_Your instructions_:
Your job is to transcribe all the records that follow, excluding any pictures.
── Records supplied
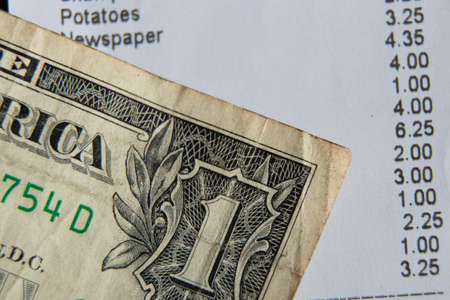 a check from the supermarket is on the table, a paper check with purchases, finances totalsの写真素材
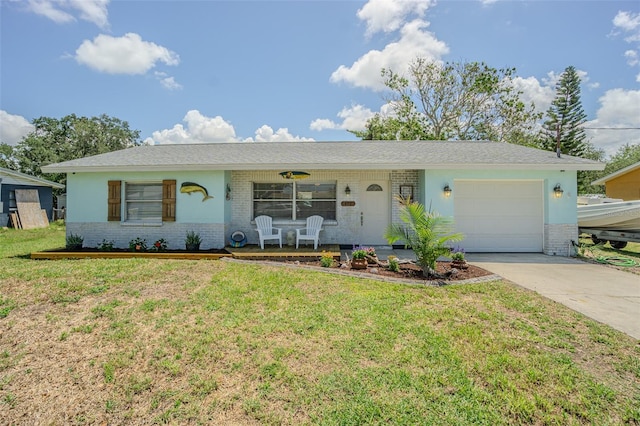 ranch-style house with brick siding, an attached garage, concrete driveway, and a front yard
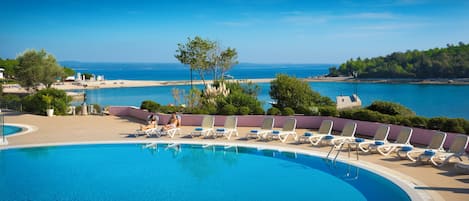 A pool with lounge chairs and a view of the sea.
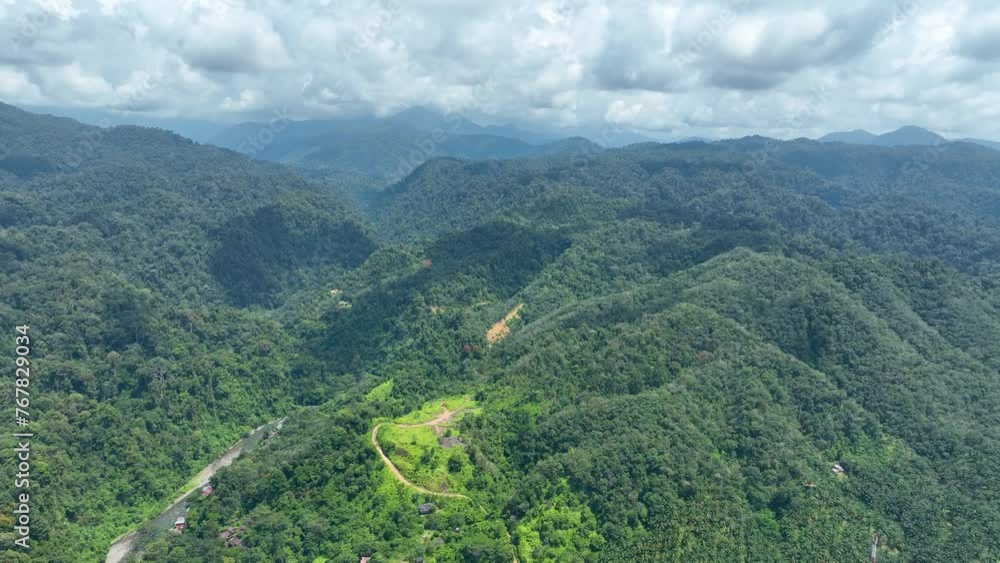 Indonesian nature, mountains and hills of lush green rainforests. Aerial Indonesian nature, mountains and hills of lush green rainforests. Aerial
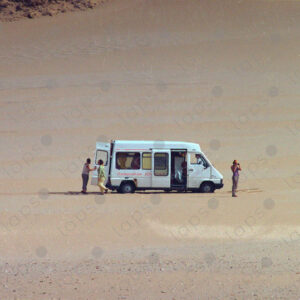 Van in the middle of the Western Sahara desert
────
_Exercise result_:
 a check from the supermarket is on the table, a paper check with purchases, finances totalsの写真素材
 ranch-style house with brick siding, an attached garage, concrete driveway, and a front yard
 A pool with lounge chairs and a view of the sea.
 Indonesian nature, mountains and hills of lush green rainforests. Aerial Indonesian nature, mountains and hills of lush green rainforests. Aerial
 Van in the middle of the Western Sahara desert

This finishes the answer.